In the records below, the relevant part opens with the line containing "How Does Flash Create Flashpoint" and closes with the line containing "Sonic Prime annoncé"; print that part exactly and only, without its pictures.

▶ **Data in this exercise**:

--- START ---

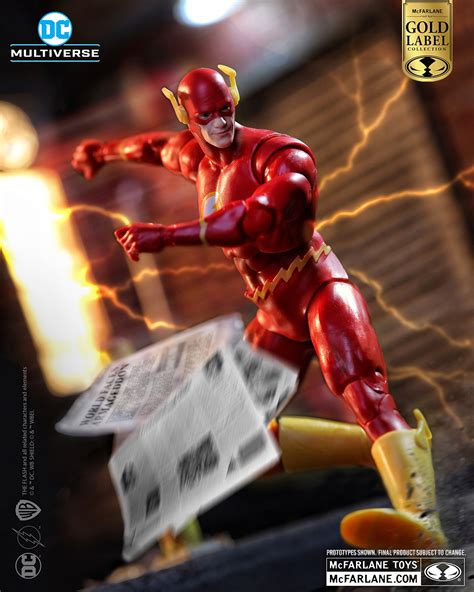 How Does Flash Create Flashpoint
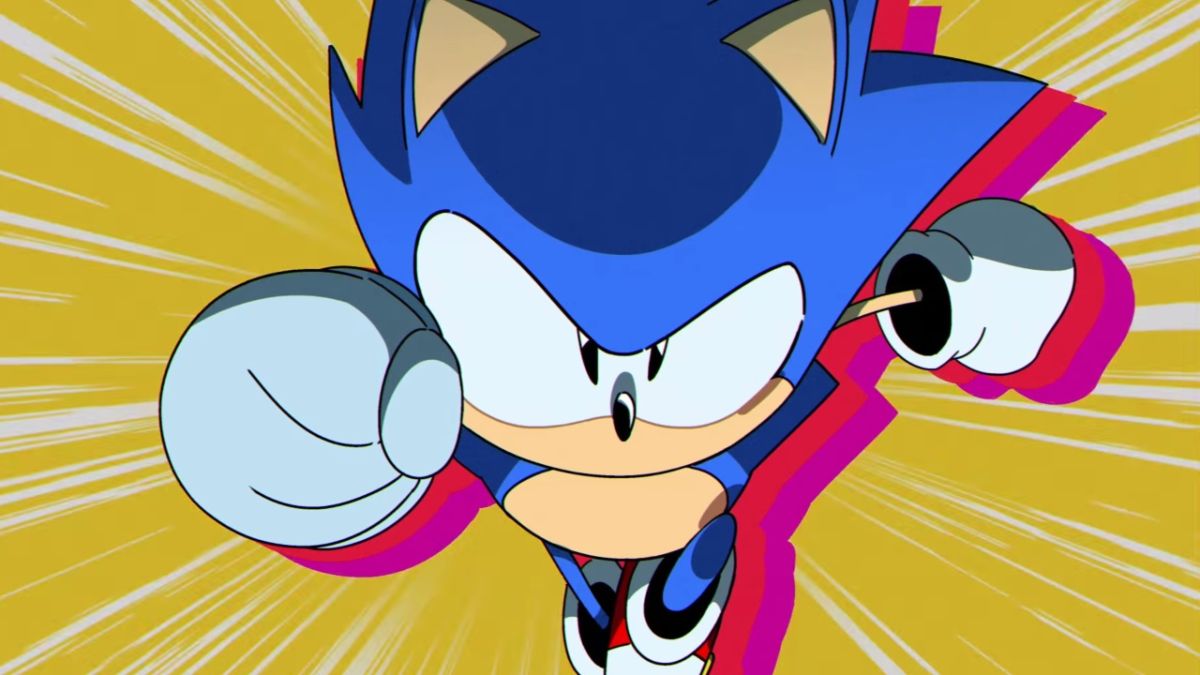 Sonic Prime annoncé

--- END ---
--- START ---

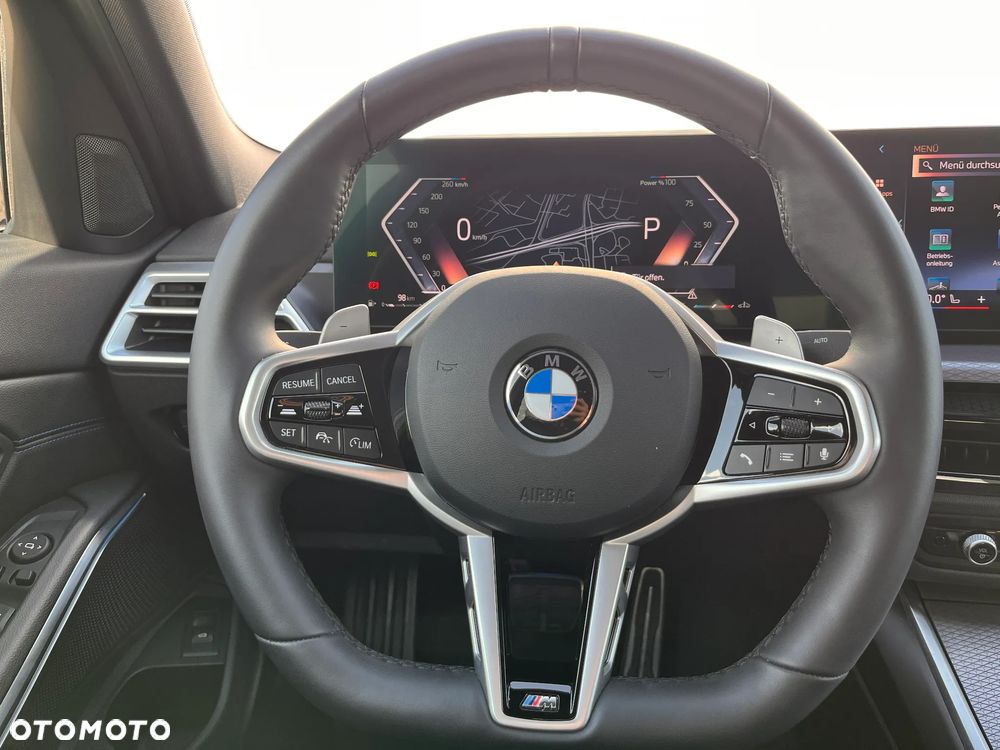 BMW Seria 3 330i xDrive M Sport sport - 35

--- END ---

▶ **Result for this exercise**:
 How Does Flash Create Flashpoint
 Sonic Prime annoncé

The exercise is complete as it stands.